Of the ten songs on “Right By You,” Stills wrote or co-wrote six. They are also, unquestionably, the worst tracks on the record. On “50/50,” “Stranger” and “Love Again,” Stills sounds like a man alone in a suburban mall recording studio, playing with Latin beats, vocal overdubs and “what does this button do” synthesizer tricks in an effort to create texture where melody is absent. The middle of the road, Soft Rock evokes Christopher Cross in a way that confirms just how hard it is to make compelling music that rocks very softly. More than Cross, these songs resemble, say, the themes for television’s “Family Ties” or “Growing Pains.” On the other hand, Alan Thicke, who wrote those themes, seemed to have far more restraint with technology. Lyrically, this trio is frequently trite and occasionally sad.
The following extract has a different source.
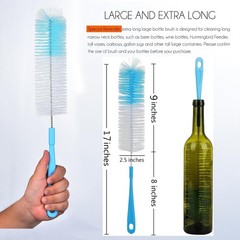 Extra Long 16-Inch Bottle Cleaning Brush Set for Safe & Easy Bottle Care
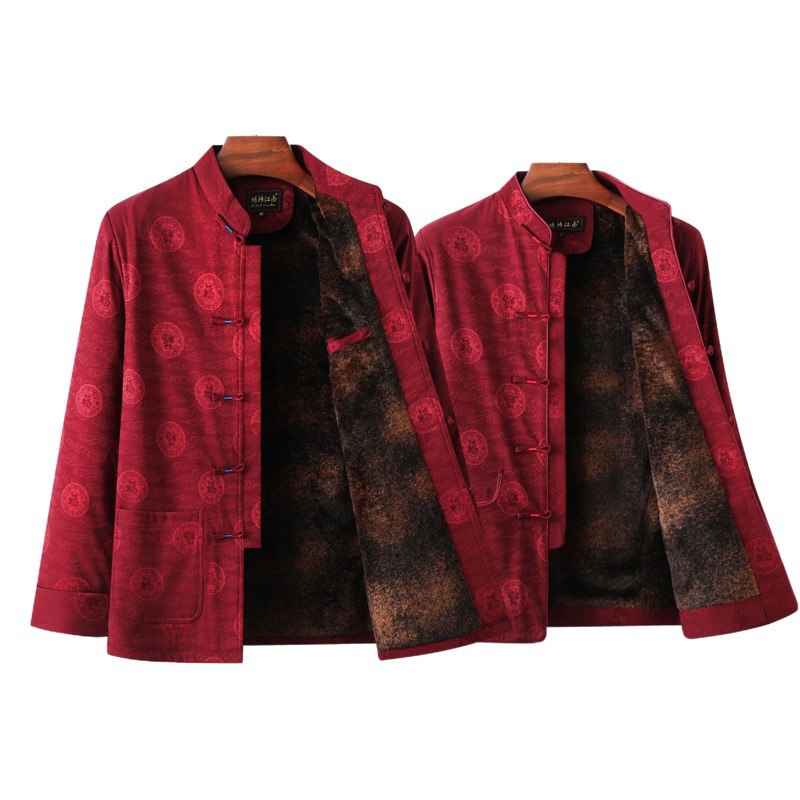 Autumn and Winter 3116 middle-aged and elderly couple clothes factory wholesale men's and women's long-sleeved birthday birthday Venus Tang suit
In “50/50,” the singer reveals that true love has to be balanced and that, not knowing this previously, he found himself alone:

Much to my dismay

When I wake up in the morning

No one by my side

Nowhere left to hide

I thought music was enough

I could fill the empty spaces

Wandering the halls

Bouncing off the walls

Too

High to hear the song

Or

Recall the deeper meaning

There is but to seek redress

From is wretched loneliness

With love

That's 50/50 or a hundred at a time

Love

That's 50/50 with both of us this time

What Stills was able to muster on his own sounds competent, but amateurish. None of it compels. Some of it repels. Wherein he did not write the songs and he invites in other collaborators, the results are more interesting, but only marginally. “Flaming Heart” is a Country Rockabilly quickie, with a good enough chorus but also with synthetic beats that evoke a younger Billy Ray Cyrus. Elsewhere, there’s an unnecessary, if not blasphemous, version of Neil Young’s “Only Love Can Break Your Heart.” And then he gives us “Can’t Let Go,” an honest to goodness Gospel R&B song that sounds both completely out of place and oddly uplifting. Stills did not write the song. He barely sings on it. The song is mostly spared from synthesizer. It’s soulful and sincere and, unsurprisingly, the best song on the album. “Best” being a very relative term. And, finally — mercifully — there’s titular closer, which while credited to Stills, is really just a highly professional Blues jam, featuring Jimmy Page and some Hammond organ (not played by Stills). It’s a casual and casually enjoyable, but the singer is the song’s least interesting feature.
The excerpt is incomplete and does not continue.